* [EXCERPTED RECORDS]:

- - -

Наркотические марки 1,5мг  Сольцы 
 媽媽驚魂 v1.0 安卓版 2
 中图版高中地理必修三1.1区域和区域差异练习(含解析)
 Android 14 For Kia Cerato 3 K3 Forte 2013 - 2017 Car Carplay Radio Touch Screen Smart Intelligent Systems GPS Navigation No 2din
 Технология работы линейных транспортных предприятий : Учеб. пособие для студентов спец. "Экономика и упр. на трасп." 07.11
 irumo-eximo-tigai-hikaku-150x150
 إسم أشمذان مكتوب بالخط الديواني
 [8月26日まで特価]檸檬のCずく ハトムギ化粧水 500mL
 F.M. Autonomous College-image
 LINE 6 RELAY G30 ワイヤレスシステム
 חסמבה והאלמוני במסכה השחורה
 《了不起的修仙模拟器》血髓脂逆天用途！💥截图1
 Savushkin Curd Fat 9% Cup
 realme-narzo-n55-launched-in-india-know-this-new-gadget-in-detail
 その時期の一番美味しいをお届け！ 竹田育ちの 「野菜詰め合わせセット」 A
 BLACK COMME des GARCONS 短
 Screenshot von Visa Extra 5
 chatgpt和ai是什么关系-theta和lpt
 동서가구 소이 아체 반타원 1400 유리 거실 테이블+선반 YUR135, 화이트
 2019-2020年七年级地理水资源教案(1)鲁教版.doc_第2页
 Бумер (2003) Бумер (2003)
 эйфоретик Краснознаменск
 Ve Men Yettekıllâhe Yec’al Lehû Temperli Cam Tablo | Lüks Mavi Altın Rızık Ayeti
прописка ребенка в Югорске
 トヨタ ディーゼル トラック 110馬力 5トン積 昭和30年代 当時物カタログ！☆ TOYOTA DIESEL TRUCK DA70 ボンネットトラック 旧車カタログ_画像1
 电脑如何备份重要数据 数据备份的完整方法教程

- - -

Reproduce exactly, and only, the part of the listing above that begins at the line with "Android 14 For" and goes on through the line with "[8月26日まで特価]檸檬のCずく ハトムギ化粧水 500mL".

* [SOLUTION TO THIS EXERCISE]:
 Android 14 For Kia Cerato 3 K3 Forte 2013 - 2017 Car Carplay Radio Touch Screen Smart Intelligent Systems GPS Navigation No 2din
 Технология работы линейных транспортных предприятий : Учеб. пособие для студентов спец. "Экономика и упр. на трасп." 07.11
 irumo-eximo-tigai-hikaku-150x150
 إسم أشمذان مكتوب بالخط الديواني
 [8月26日まで特価]檸檬のCずく ハトムギ化粧水 500mL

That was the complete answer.